--- START ---
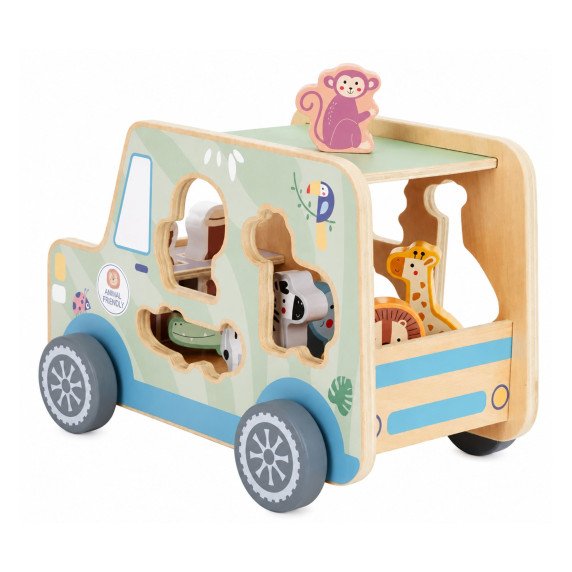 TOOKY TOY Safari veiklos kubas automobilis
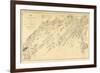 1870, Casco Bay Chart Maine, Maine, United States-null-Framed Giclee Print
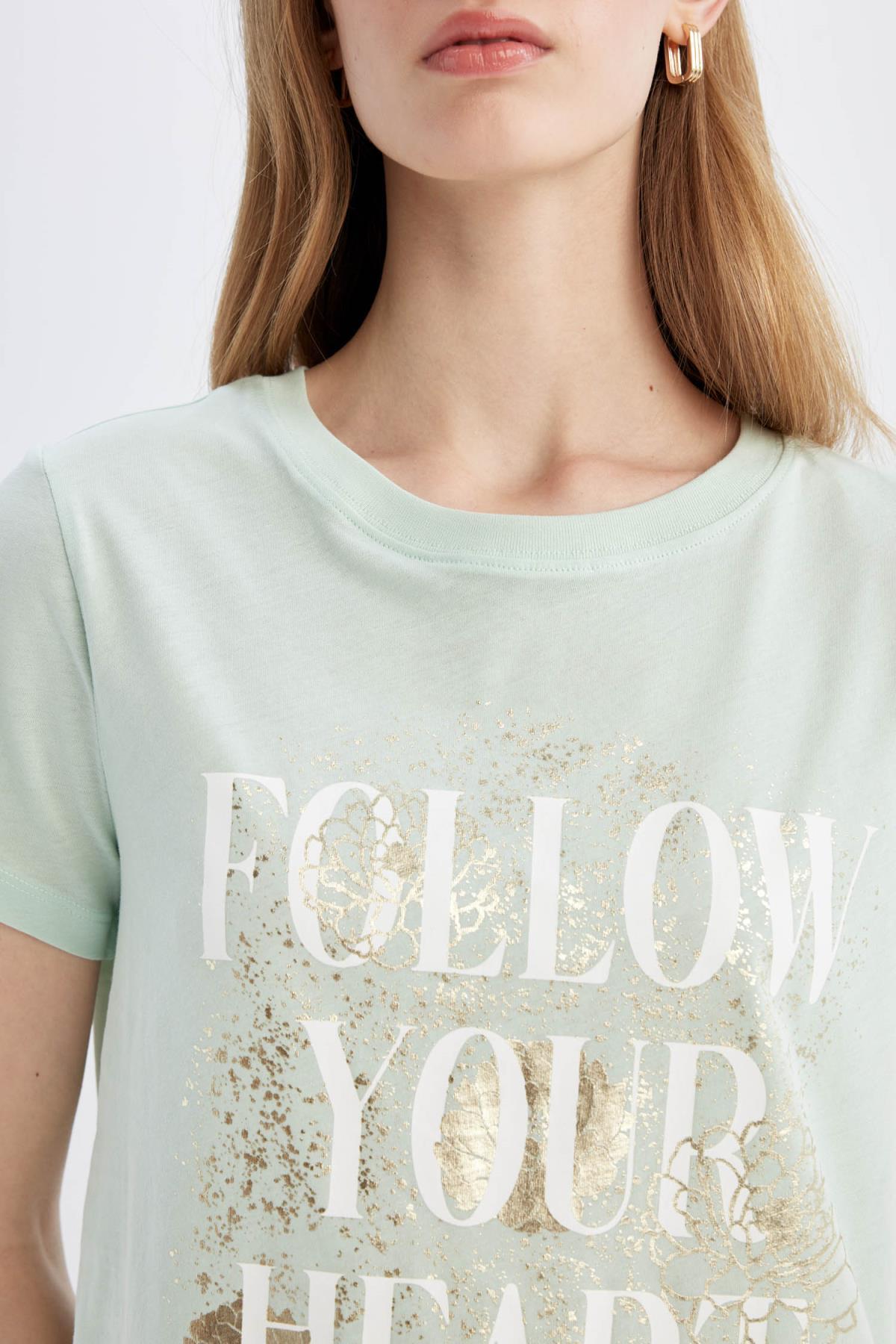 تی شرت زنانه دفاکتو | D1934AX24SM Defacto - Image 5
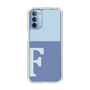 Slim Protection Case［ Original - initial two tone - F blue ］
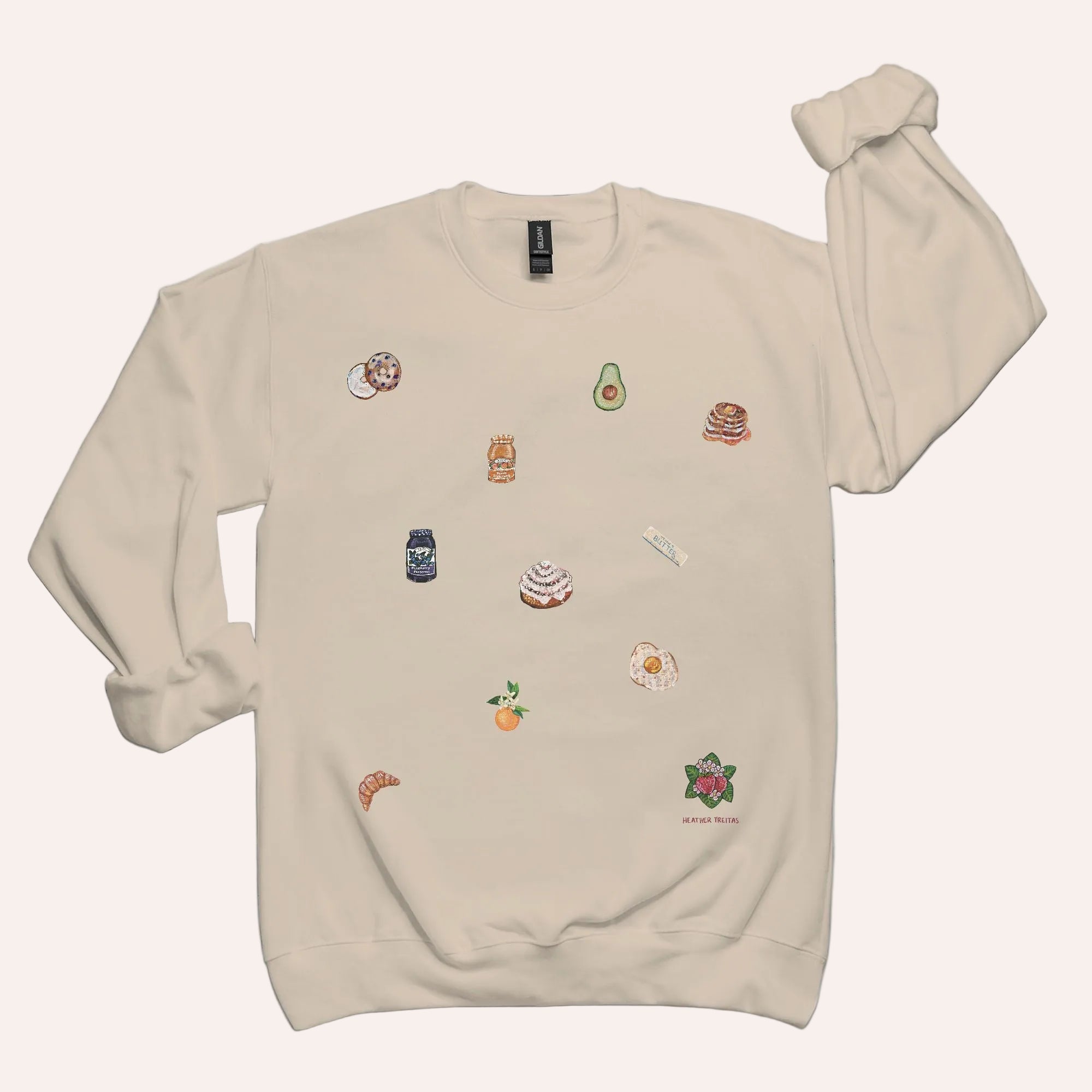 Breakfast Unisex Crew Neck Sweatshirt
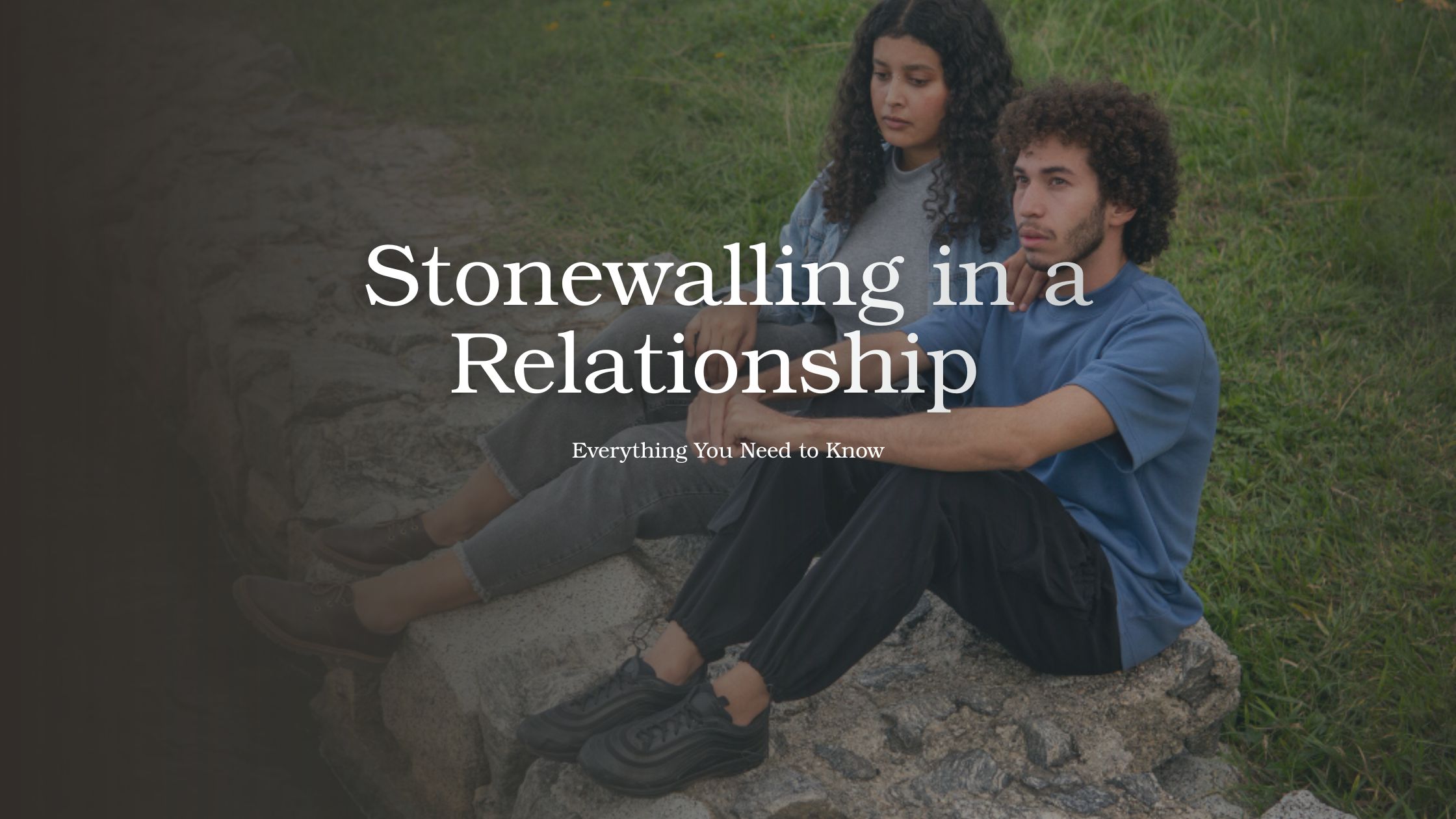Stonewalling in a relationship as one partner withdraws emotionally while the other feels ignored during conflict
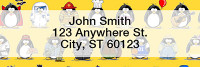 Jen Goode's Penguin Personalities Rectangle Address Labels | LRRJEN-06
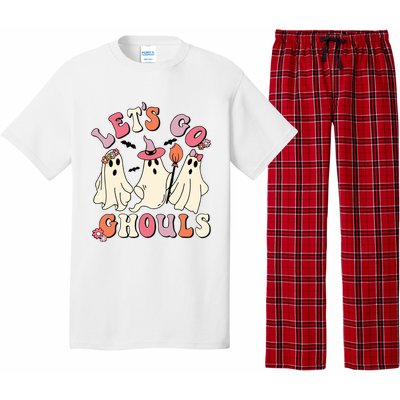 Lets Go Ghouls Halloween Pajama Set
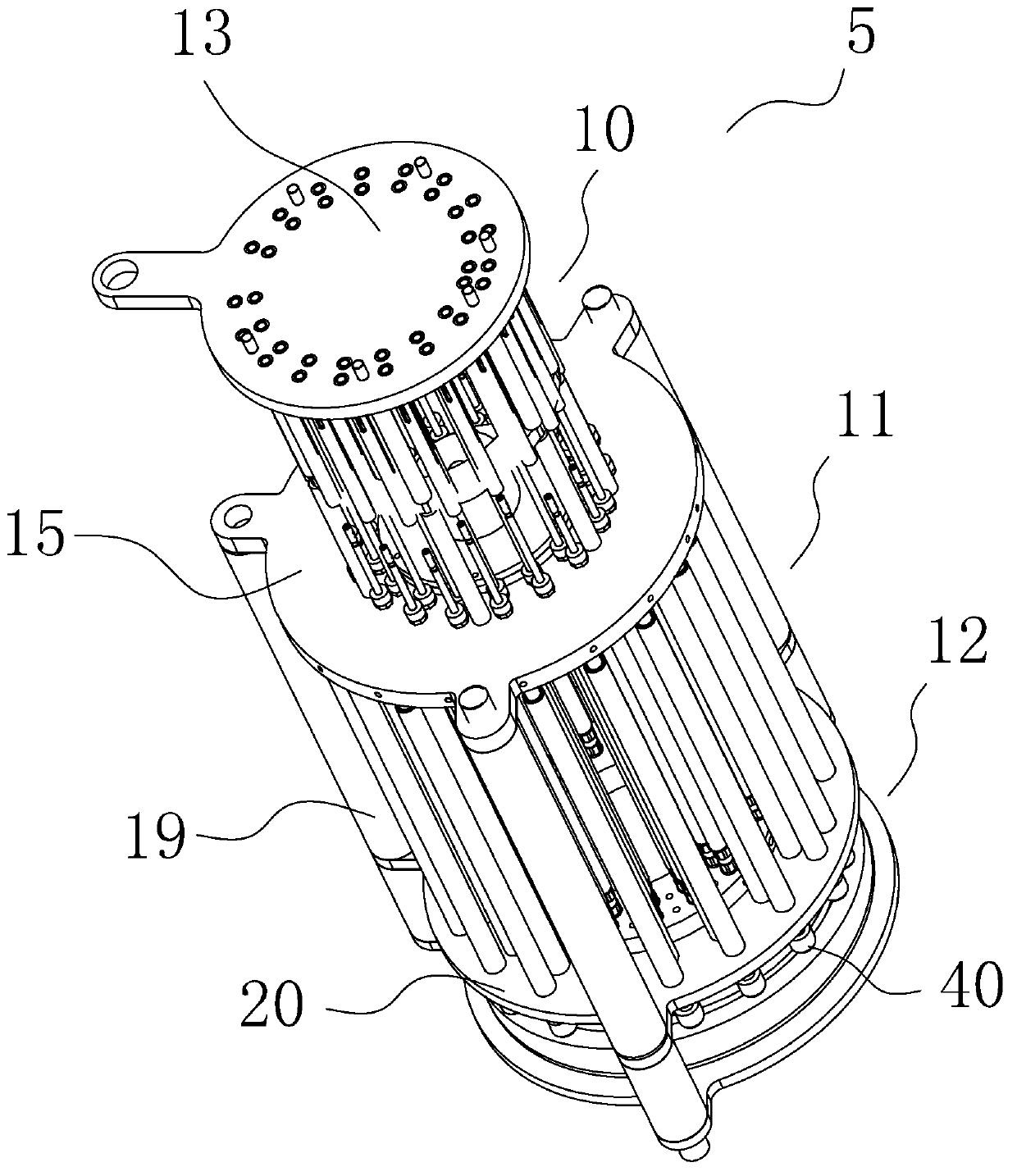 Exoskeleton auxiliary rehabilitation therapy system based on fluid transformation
--- END ---
● Your instructions: Starting at the line that contains "Slim Protection Case［", retype each line through the end of the data exactly, and leave out every picture.

● Completed task:
 Slim Protection Case［ Original - initial two tone - F blue ］
 Breakfast Unisex Crew Neck Sweatshirt
Stonewalling in a relationship as one partner withdraws emotionally while the other feels ignored during conflict
 Jen Goode's Penguin Personalities Rectangle Address Labels | LRRJEN-06
 Lets Go Ghouls Halloween Pajama Set
 Exoskeleton auxiliary rehabilitation therapy system based on fluid transformation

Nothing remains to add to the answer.